Neither Suzanne nor the other girl could be coaxed aboard. Their moms comforted them, then patiently led them home. Ooh, I gotta remember this: Cry. Go home. As undignified and disturbing as these displays were, it was good to know should the need arise, I could escape by pulling a nutty. It’s too bad about Suzanne—though I must say, I’m grateful that the tantrum distracted from my vandalism.
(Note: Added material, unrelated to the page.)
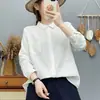 Camisa de Manga Longa de Fio de Algodão de Camada Dupla para Mulheres, Estilo Japonês de Exportação, Simples, Versátil, Macia, Amiga da Pele, Respirável, Top 100% Algodão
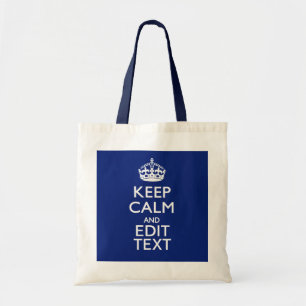 Navy Blau Behalte Ruhe und haben Ihren Text Tragetasche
The bus arrived. The door opened. To my astonishment the driver was nowhere near the door! She sat on a chair high atop a staircase. What is this sorcery? And why am I the only one gasping with delight? This was so excellent! Okay. I get it. No witchcraft. There was a handle that she pulled connected to an arm that collapsed and uncollapsed the door. At some point I must either be allowed to open that door over and over or become a school bus driver. Bus driver instantly outranked being the guy who takes change from people driving over the bridge in my list of things I wanted to be when I grew up. Only telling jokes on television outranked it.
The bus driver was a perfectly delightful woman named Ellie. “Hi, Ellie!” is something I can’t remember not saying, but I don’t remember learning her name. I just knew it. She had dark straight hair down to her shoulders and big glasses. She wore an oversized navy-blue windbreaker. I could tell she liked us. I liked her.
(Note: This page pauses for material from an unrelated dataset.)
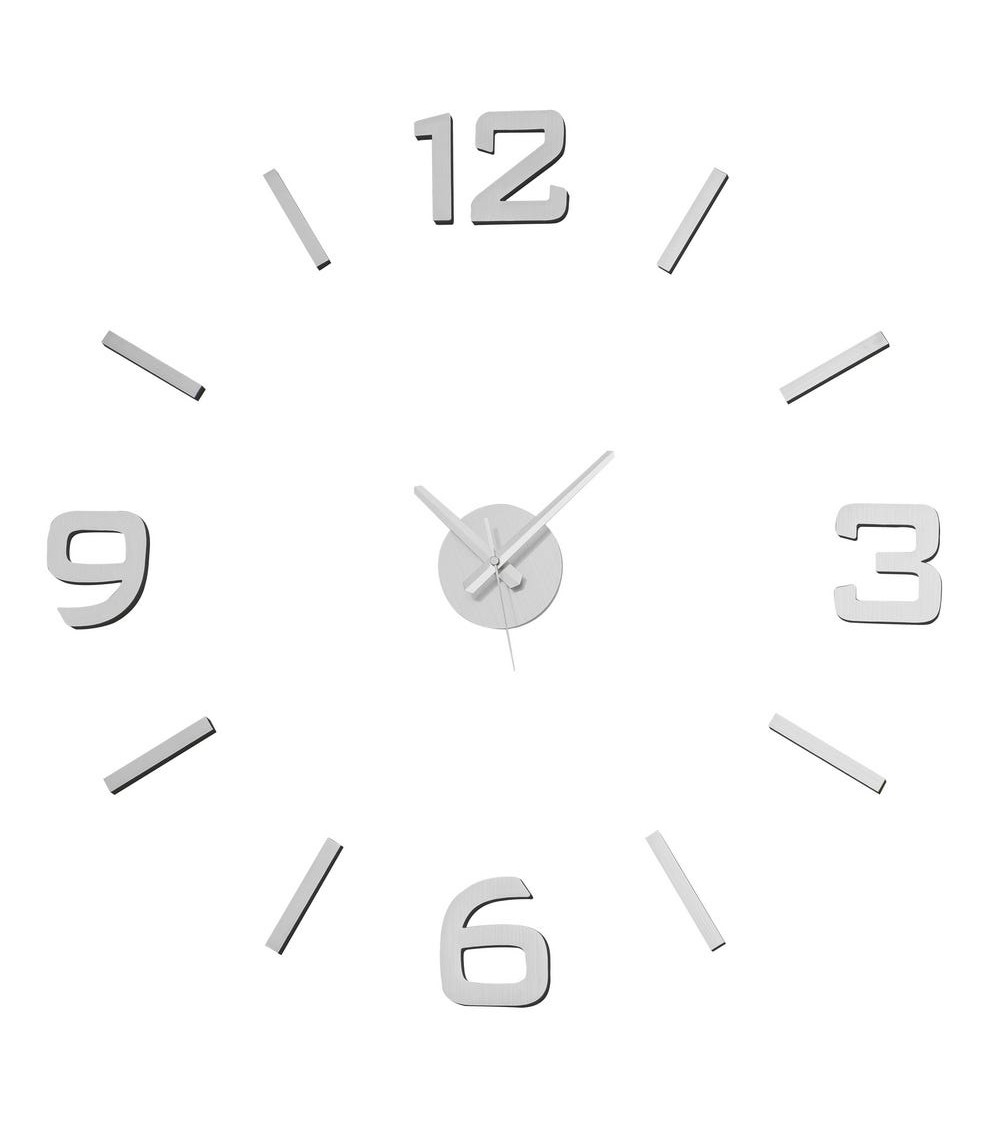Dcasa Reloj de pared adhesivo plateado de polipropileno de 60 cm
The ride was fun. The first ride I could remember taking where either Auntie Judy or my mom or dad wasn’t driving. We drove around picking up other kindergarteners around the area. A lot of excellent lunch boxes and a lot of laughing and yelling. It was loud, but Ellie maintained her poise at every stop, greeting the tots with her warm smile. I waved at some people in cars and a few of them waved back! Sometimes, there was a commotion. It seemed wanting your mommy was endemic to the community, not just a Rutledge Road phenomenon.